The final paragraph of section 241(b)(3)(B) states the following:


[A]n alien who has been convicted of an aggravated felony (or felonies) for which the alien has been sentenced to an aggregate term of imprisonment of at least 5 years shall be considered to have committed a particularly serious crime. The previous sentence shall not preclude the Attorney General from determining that, notwithstanding the length of sentence imposed, an alien has been convicted of a particularly serious crime.

A. Previous Statutory Framework for Withholding of Deportation

The statutory provision for withholding of deportation was found at section 243(h) of the Act, 8 U.S.C. § 1253(h)(1994). When Congress enacted the Refugee Act of 1980, Pub.L. No. 96-212, 94 Stat. 102, it amended this provision to provide that withholding should be denied to an alien who, "having been convicted by a final judgment of a particularly serious crime, constitutes a danger to the community of the United States." See section 243(h)(2)(B) of the Act.

A more detailed history of withholding of deportation pursuant to section 243(h) of the Act is set forth in Matter of Q-T-M-T-, 21 IN Dec. 639, at 645-47 (BIA 1996).

The Board addressed the question of what would be a "particularly serious crime" in Matter of Frentescu, supra. See also Matter of Gonzalez, supra, modified, Matter of C-, supra. In Matter of Frentescu, the Board held that in judging the seriousness of a crime, we look to such factors as the nature of the conviction, the circumstances and underlying facts of the conviction, the type of sentence imposed, and, most importantly, whether the type and circumstances of the crime indicate that the respondent is a danger to the community. Matter of Frentescu, supra, at 247. Further, we stated that crimes against persons are more likely to be categorized as particularly serious, but that there may be instances where crimes against property will be considered to be particularly serious. Id. It was subsequently established that once an alien is found to have committed a particularly serious crime, there is no need for a separate determination to address whether the alien is a danger to the community. See Matter of K-, 20 IN Dec. 418 (BIA 1991), aff'd, Kofa v. INS, 60 F.3d 1084 (4th Cir. 1995); see also Matter of Q-T-M-T-, 21 IN Dec. 639, at 646 (BIA 1996).

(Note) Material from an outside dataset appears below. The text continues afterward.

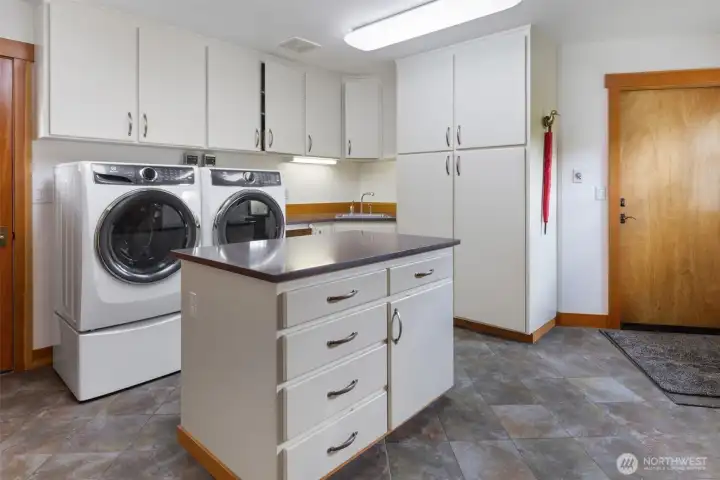 Laundry with island and sink, garage access Laundry with island and sink, garage access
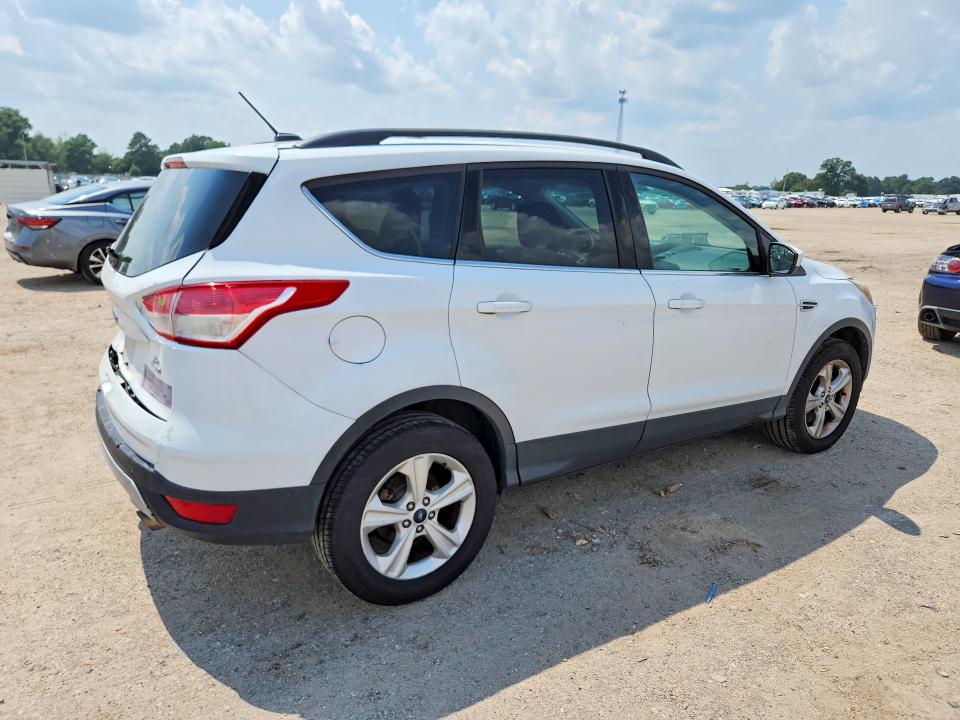 Photo 3 from auction – 2016 FORD ESCAPE with VIN 1FMCU9GX8GUB50414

The Board also determined that certain crimes could be considered per se particularly serious, and therefore, once the conviction was established, there was no need to proceed to an individualized examination of the crime. See Matter of Frentescu, supra, at 247; see also Hamama v. INS, 78 F. 3d 233, 240 (6th Cir. 1996) (recognizing the Board's practice of finding that some crimes are inherently particularly serious); Ahmetovic v. INS, 62 F.3d 48, 52 (2d Cir. 1995) (upholding a Board decision which found that first degree manslaughter was an inherently particularly serious crime).

Congress amended section 243(h)(2) of the Act through the Immigration Act of 1990, Pub.L. No. 101-649, 104 Stat. 4978, to provide that aggravated felonies are to be considered particularly serious crimes for the purpose of section 243(h)(2). See generally Matter of A-A-, 20 IN Dec. 492 (BIA 1992). This amendment eliminated the need for an individual analysis of the underlying facts and circumstances in any case in which the conviction was for an aggravated felony. See Matter of C-, supra (modifying Matter of Frentescu and its progeny in light of statutory amendment).

The next major change in the withholding law occurred with the passage of section 413(f) of the Antiterrorism and Effective Death Penalty Act of 1996, Pub.L. No. 104-132, 110 Stat. 1214, 1269 (enacted Apr. 24, 1996) ("AEDPA"). Section 413(f) of the AEDPA amended section 243(h) of the Act to provide the Attorney General discretionary authority to override the categorical bar designating every aggravated felony a particularly serious crime, if she determined it "is necessary to ensure compliance with the 1967 United Nations Protocol Relating to the Status of Refugees." The Board considered the effects of this provision on the aggravated felony bar in Matter of Q-T-M-T-, supra. We concluded that an alien who has been convicted of an aggravated felony or felonies and sentenced to at least 5 years of incarceration was conclusively barred from withholding of deportation. However, an alien who was convicted of an aggravated felony or felonies and sentenced to an aggregate of fewer than 5 years of incarceration would be subject to a rebuttable presumption that he or she had been convicted of a particularly serious crime, which would bar eligibility from withholding. The holding in Matter of Q-T-M-T-, supra, continues to apply to cases initiated before April 1, 1997, which are not controlled by the IIRIRA.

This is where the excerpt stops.